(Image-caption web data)
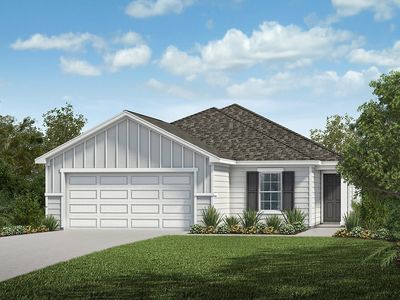 84 Waverly Ln, Palm Coast, FL, 32164
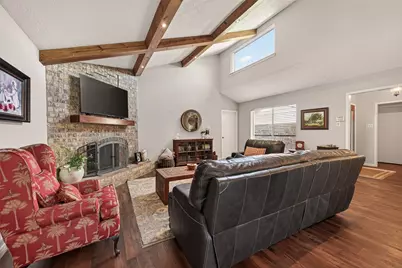 12306 River Bend Drive, Mont Belvieu, TX 77523 - Photo 11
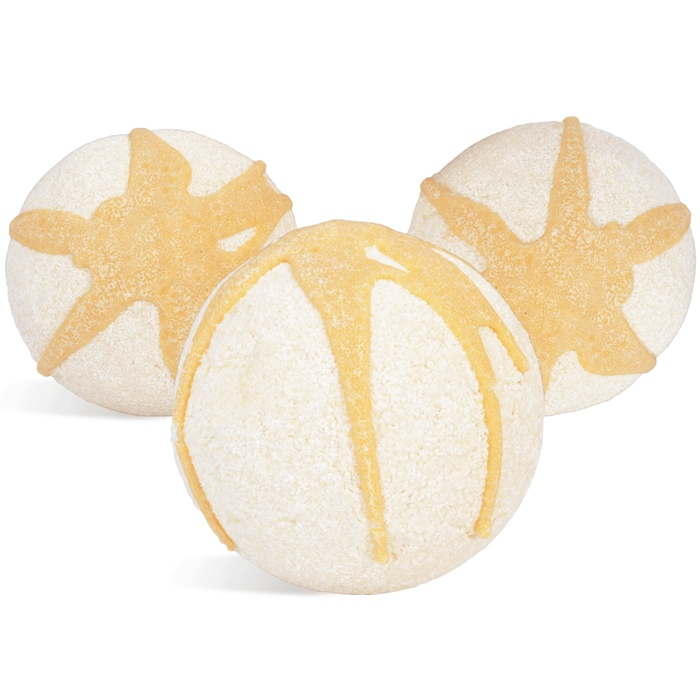 Dripping Honey Bath Bombs Kit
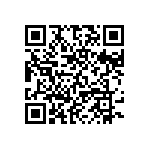 SIT9120AI-1D2-XXE161-132800X QRCode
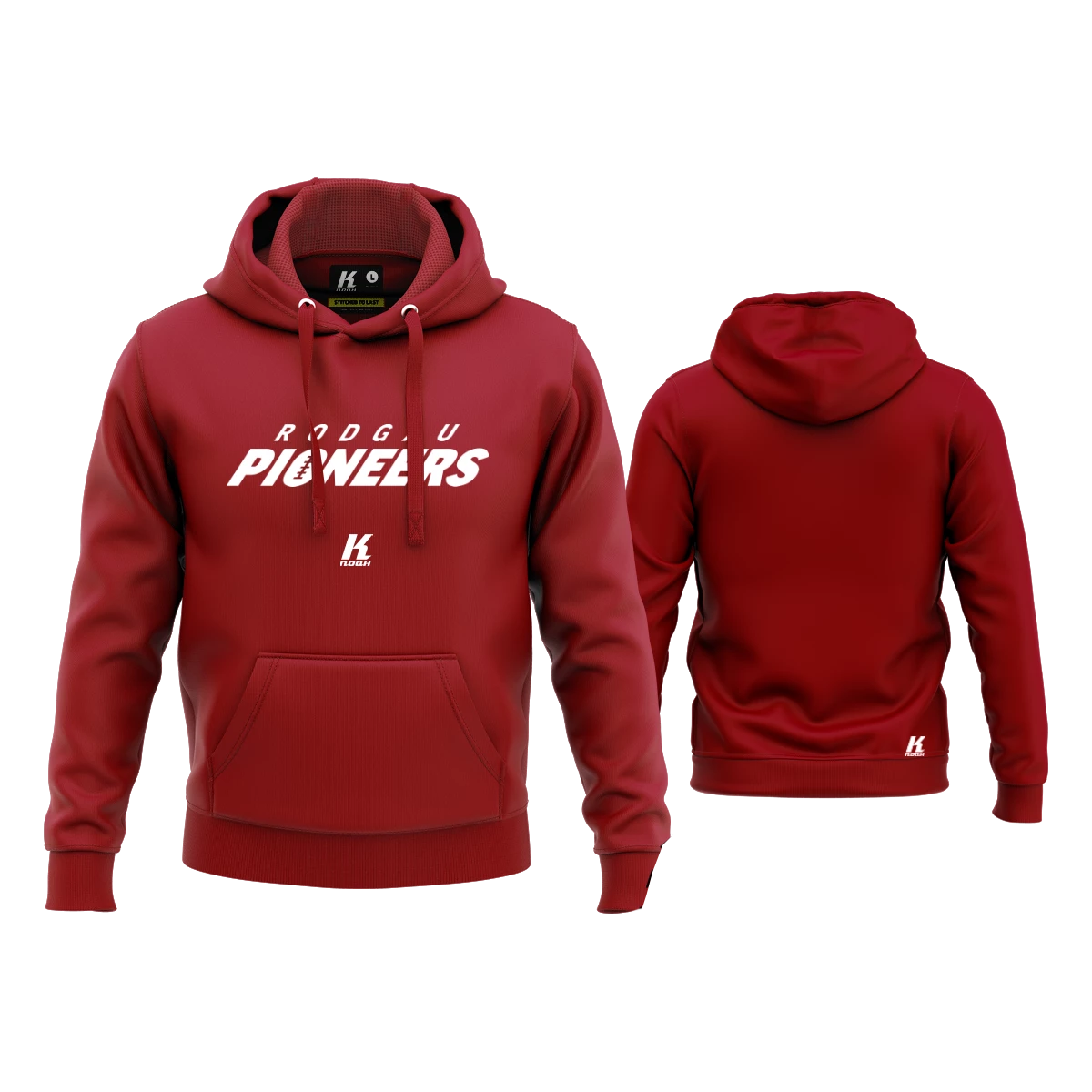 fan-hoodie-r-l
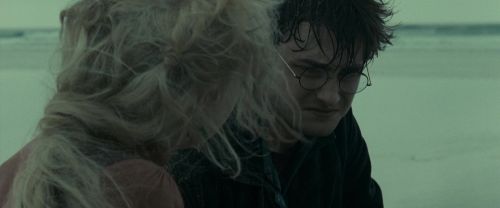 RdM1-Potterish13433.jpg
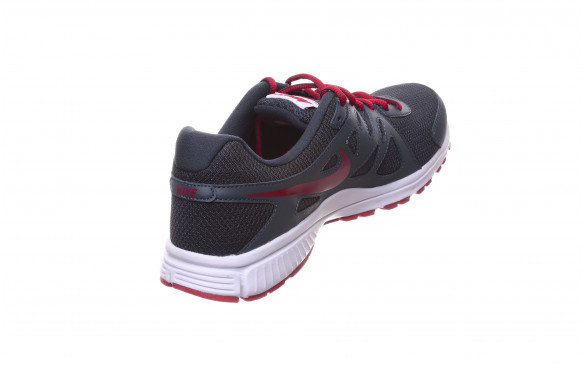 NIKE REVOLUTION MSL TodoZapatillas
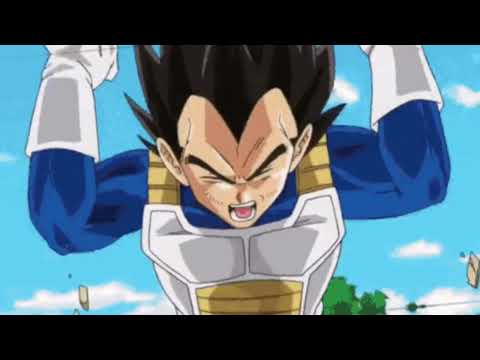 Vegeta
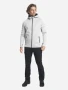TXLITE HOODIE ZIP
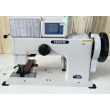 Heavy Duty Thick Thread Ornamental Stitching Sewing Machine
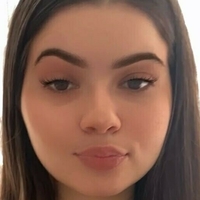 elizabethnichol Nue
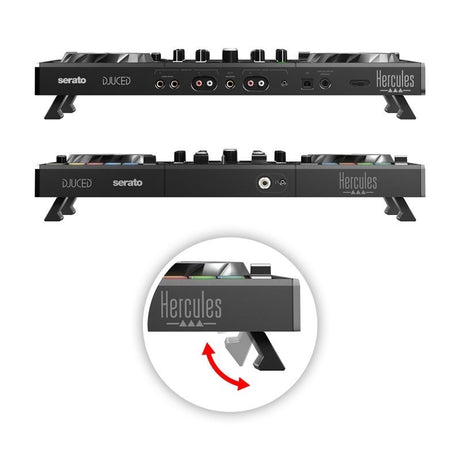 DJCONTROL_INPULSE_500_+_Serato_DJ_Pro_License_Set_(Limited_Edition)_03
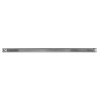 Șină St&acirc;nga Raft Frigorific YATO GASTRO YG-05410, 325x560mm - Compatibilă YG-05260/05262/05275/05290/05305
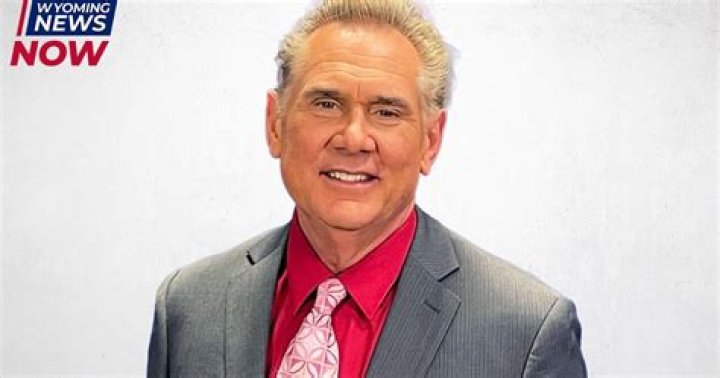 Carl Rippy Cbs News Channel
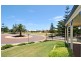 21 Batavia Avenue, Wannanup WA 6210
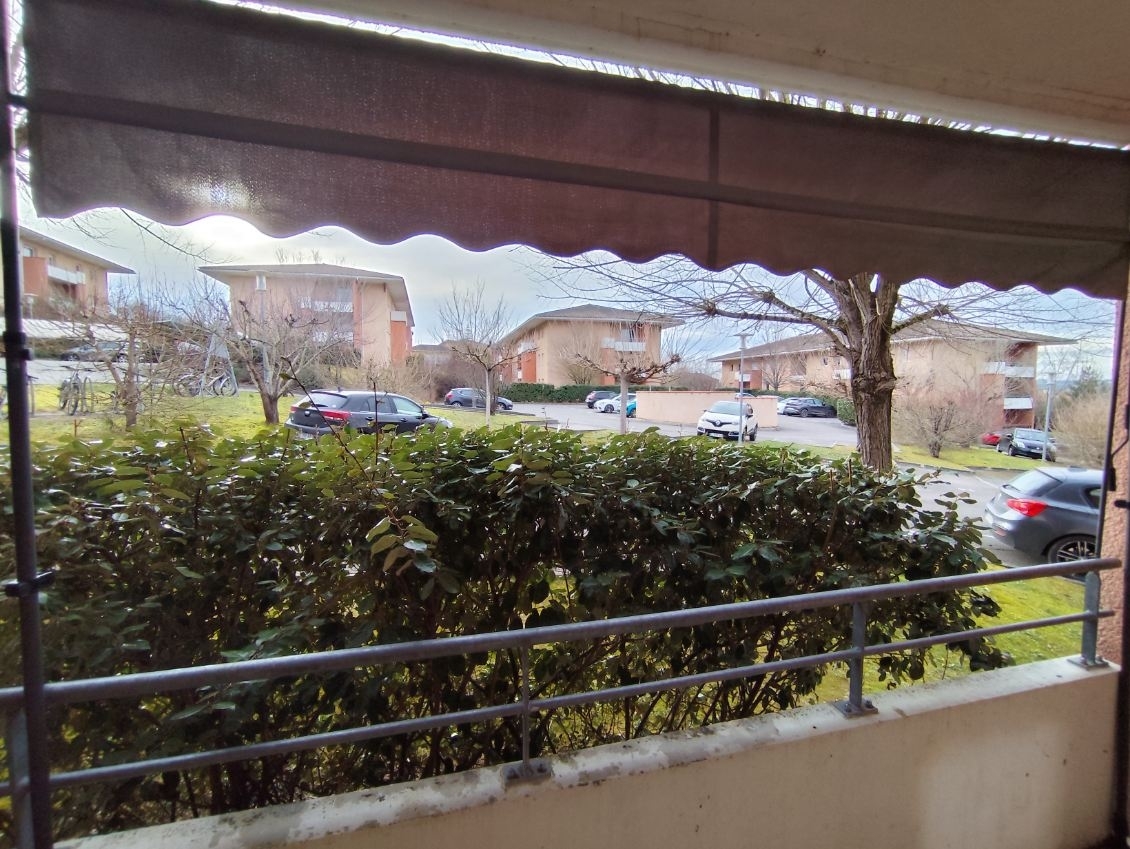 APPARTEMENT A Vendre 32000 1752
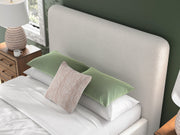 brintstreet-queen-upholstered-bed-11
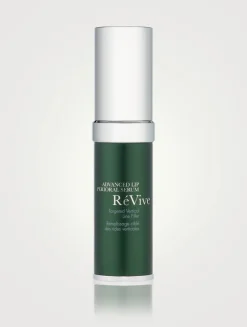Advanced Lip Perioral Serum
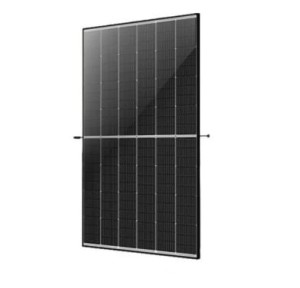 Paleta Moduł ZNshine ZXM7-SHLDD108 410W BF / Bifacjal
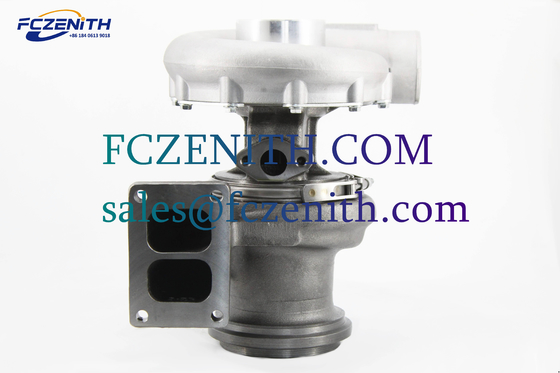 HC3 EUCU Cummins Diesel Turbocharger 3501176 3521635 3591961 3803122 For KTA19-G2 KTA38-G2 NTA855-R1 NTE290 NTA855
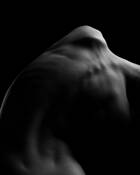 Untitled_1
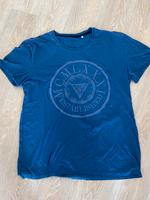 Wneu Herren T-Shirt von Guess XXL Düsseldorf - Gerresheim Vorschau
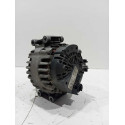 Alternador Tiguan Passat Jetta 2.0 Tsi 2011 2015 06j903023q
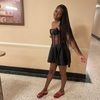 Asharea Joseph - @asharea_joseph - Poshmark
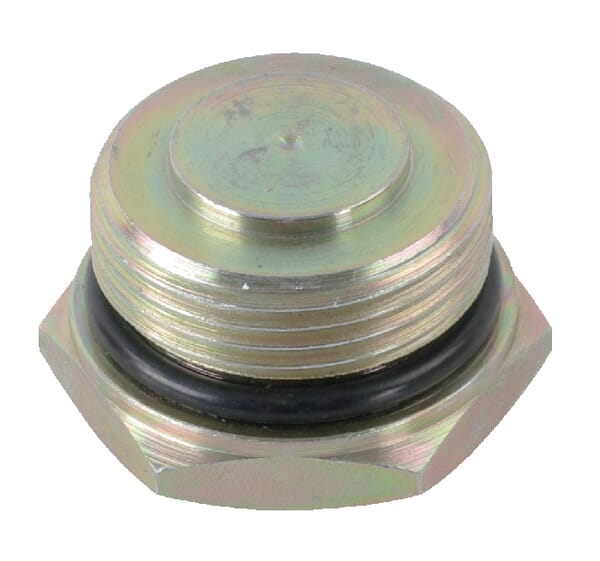 [ET30282] Coiffe de protection, 30282, ET30282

Activity
Please give the data above again in exact form and omit every picture.

Task response
 84 Waverly Ln, Palm Coast, FL, 32164
 12306 River Bend Drive, Mont Belvieu, TX 77523 - Photo 11
 Dripping Honey Bath Bombs Kit
 SIT9120AI-1D2-XXE161-132800X QRCode
 fan-hoodie-r-l
 RdM1-Potterish13433.jpg
 NIKE REVOLUTION MSL TodoZapatillas
 Vegeta
TXLITE HOODIE ZIP
 Heavy Duty Thick Thread Ornamental Stitching Sewing Machine
 elizabethnichol Nue
 DJCONTROL_INPULSE_500_+_Serato_DJ_Pro_License_Set_(Limited_Edition)_03
 Șină St&acirc;nga Raft Frigorific YATO GASTRO YG-05410, 325x560mm - Compatibilă YG-05260/05262/05275/05290/05305
 Carl Rippy Cbs News Channel
 21 Batavia Avenue, Wannanup WA 6210
 APPARTEMENT A Vendre 32000 1752
 brintstreet-queen-upholstered-bed-11
Advanced Lip Perioral Serum
 Paleta Moduł ZNshine ZXM7-SHLDD108 410W BF / Bifacjal
 HC3 EUCU Cummins Diesel Turbocharger 3501176 3521635 3591961 3803122 For KTA19-G2 KTA38-G2 NTA855-R1 NTE290 NTA855
 Untitled_1
 Wneu Herren T-Shirt von Guess XXL Düsseldorf - Gerresheim Vorschau
 Alternador Tiguan Passat Jetta 2.0 Tsi 2011 2015 06j903023q
 Asharea Joseph - @asharea_joseph - Poshmark
 [ET30282] Coiffe de protection, 30282, ET30282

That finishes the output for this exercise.